For indoor color and composition exercises, you can bring watercolor or drawing paper, watercolors or gouache, and brushes for these media. I’ll be bringing these, but feel free to bring what you like.


* Examples of a warm and cool of each primary:

1 Yellow: Warm - cadmium yellow, medium cadmium yellow

Cool - hansa yellow, lemon yellow, zinc yellow, cobalt yellow

2 Red: Warm - all cadmium reds, vermilion, Venetian, etc

Cool - alizarin crimson and magentas

3 Blue Warm - ultramarine

Cool - cerulean, manganese, phthalo, Prussian

Notice I did not mention the secondary colors (orange, green, violet). You can make those. You can buy them too, but it’s a good practice to learn to mix them.

On our first day, we will have an intro to color and color mixing. It will pay off.

** You can paint in a variety of formats. Landscape is generally horizontal. You’ll want to at least suggest a foreground, a middle-ground and a background. Long narrow horizontals accentuate breadth of spreading land/water. Narrow tall formats accentuate receding space. Square is neutral. I like to work on a 1:2 or a 1:3 format. (eg. 10 x 20 is common for me, as well as 10 x 25 or 10 x 30. )

*** The colored ground will help to pull your colors together in the final painting. Just put some black and/or burnt umbre acrylic into the gesso. Or, you can put a thin ground of any neutral color over the gesso layer, before you go out, or on site.
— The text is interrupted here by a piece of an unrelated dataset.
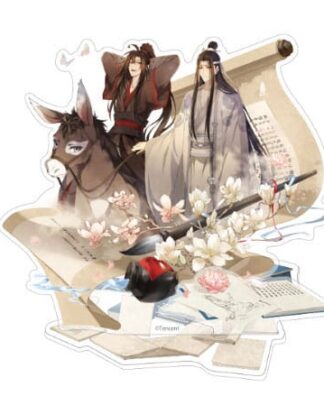 Grandmaster of Demonic Cultivation Acryl Stand Wei Wuxian & Lan Wangji Return to Seclusion Ver. 21 cm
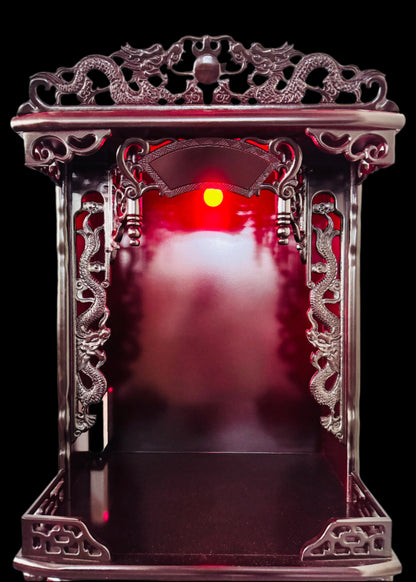 24” 3-Tier Altar – Middle Cabinet – Red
Sienna or a buttery ochre work, too. You’ll see why this is a good idea. For very hot, bright weather, I’ve even tried a blue ground.

**** Absorbent gesso (Gamblin or Golden) allows the first layer to go on kind of dry, so that subsequent layers can lay on top without over mixing. We’ll be going over this.

Materials List: Provided by Instructor(s)

• Chinese paper, ink, and other supplies for line making and other exercises.

• Many reference books on Daoist philosophy and art from China, Japan, Europe and the Americas.

• A packet of handout readings.

• Slide shows if time allows.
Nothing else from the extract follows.